Al termine di quella stagione Allen dirà addio ai Miami Heat, diventando free agent, ma non riuscendo in estate a trovare alcun contratto e decidendo così di volersi concentrare per ritornare in campo nella stagione 2015-16, durante la quale non troverà però nuovamente alcun contratto. All’inizio dell‘annata successiva svolgerà dei workout con Celtics e Bucks, due delle sue vecchie squadre, salvo poi annunciare il proprio ritiro il 1o Novembre del 2016.
L’eredità
Gli screzi avuti con gli ex compagni ai tempi dei Celtics, in particolare Pierce e Garnett, seguiti al passaggio di Allen ai Miami Heat, squadra costruita a detta di LeBron James proprio per fermare i Celtics, fanno si che il suo numero 20 non figuri tra quelli appesi sul soffitto del Garden, anche se qualche segno di riavvicinamento c’è stato, proprio in occasione della cerimonia del ritiro del numero dello stesso Garnett, che ha proprio indicato Allen quasi a suggerire che possa essere il prossimo. Destino diverso è toccato invece alla numero 34 degli Huskies di UConn, ritirata, come già detto, nel 2018.
Ray Allen lascia la lega come leader all time per triple segnate in una stagione (269 nel 2005-06) e in carriera (2973), entrambi superati poi da Stephen Curry, ma sopratutto venendo considerato come il miglior tiratore ad aver mai calcato i campi della NBA. Oggi questo titolo è unanimemente riconosciuto al numero 30 degli Warriors; ma ciò che rende Ray Allen diverso è l’essere stato uno dei pochi, pochissimi grandi tiratori ad essersi distinti come star, in una lega in cui gli attacchi avevano una dimensione molto più interna rispetto ad oggi.
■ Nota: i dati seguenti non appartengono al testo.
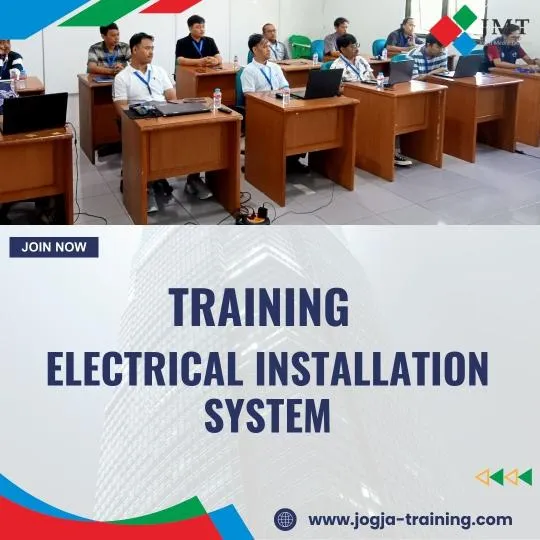 TRAINING ELECTRICAL INSTALLATION SYSTEM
Quello che però bisogna ricordare di questo giocatore è la sua versatilità: per quanto sin dalla sua gioventù sia stato un tiratore fuori dal comune, capacità affinata con l’avanzare della carriera ed il naturale calo dal punto di vista fisico, Ray Allen era un difensore di grandissimo livello, spesso destinato, come nelle Finals 2008 e 2010 con Bryant, a marcare il miglior esterno avversario, ma cosa più stupefacente anche uno schiacciatore d’élite, dotato di mezzi atletici fuori dalla norma. Insomma, non un semplice tiratore, ma molto molto di più.